A proposed patch is attached. It allows the “as” keyword to be used in the source array. Downloads, extractions and md5sums have been tested with it on renamed and un-renamed sources.

(that being said, if someone finds a simpler way to add support of that keyword to pkgmk, it’d be great \o/)
   as.diff (4.9 KiB)
This task depends upon

Comment by Jose V Beneyto (sepen) - Thursday, 16 May 2013, 18:48 GMT
Why not use a coma separated way?
I wrote a little patch that worked with sources like:

source=(http://foo/bar/$version.tar.gz,$name-$version.tar.gz)

or

source=(http://foo/bar/$version.tar.gz,$name-$version.tar.gz http://foo/bar-zzz/$version.tar.gz,$name-zzz-$version.tar.gz)

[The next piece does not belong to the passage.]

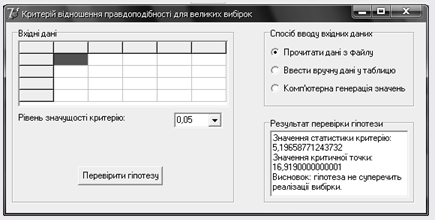 Описание: C:Documents and SettingsAdminРабочий стол2011-01-06_140453.png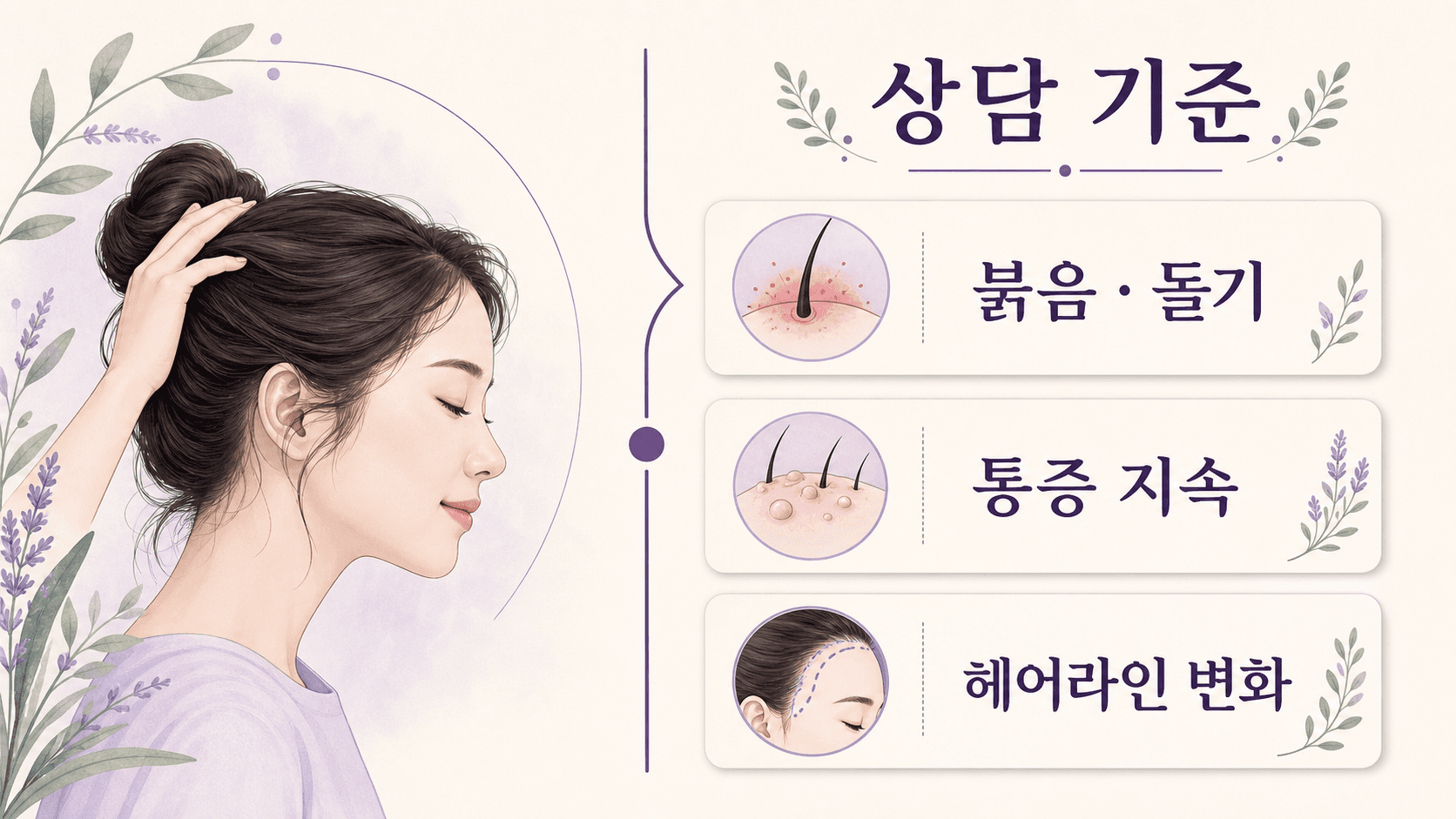 두피 통증과 함께 붉음, 돌기, 각질, 헤어라인 변화를 확인하는 이미지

Comment by Lukc (Lukc) - Thursday, 16 May 2013, 21:06 GMT
Someone also suggested using "http://foo/bar/$version.tar.gz as $name-$version.tar.gz" as a single entry in the source array.

I think the coma separated way could break URLs, though I’m not sure, while spaces are forbidden from URLs. Still, you’re probably right that having each source as a single element is best. :-/
Comment by Danny Rawlins (Romster) - Wednesday, 05 February 2014, 01:43 GMT
I would prefer doing it at the start of the url like so so.

source=($name-$version.tar.gz|http://foo/bar/$version.tar.gz
bar-1.2.3.tar.gz|http://foo/bar/1.2.3.tar.gz
foo.patch)

But that breaks existing scripts that depend on source. We could do a new array like:

names=($name-$version.tar.gz bar-1.2.3.tar.gz SKIP)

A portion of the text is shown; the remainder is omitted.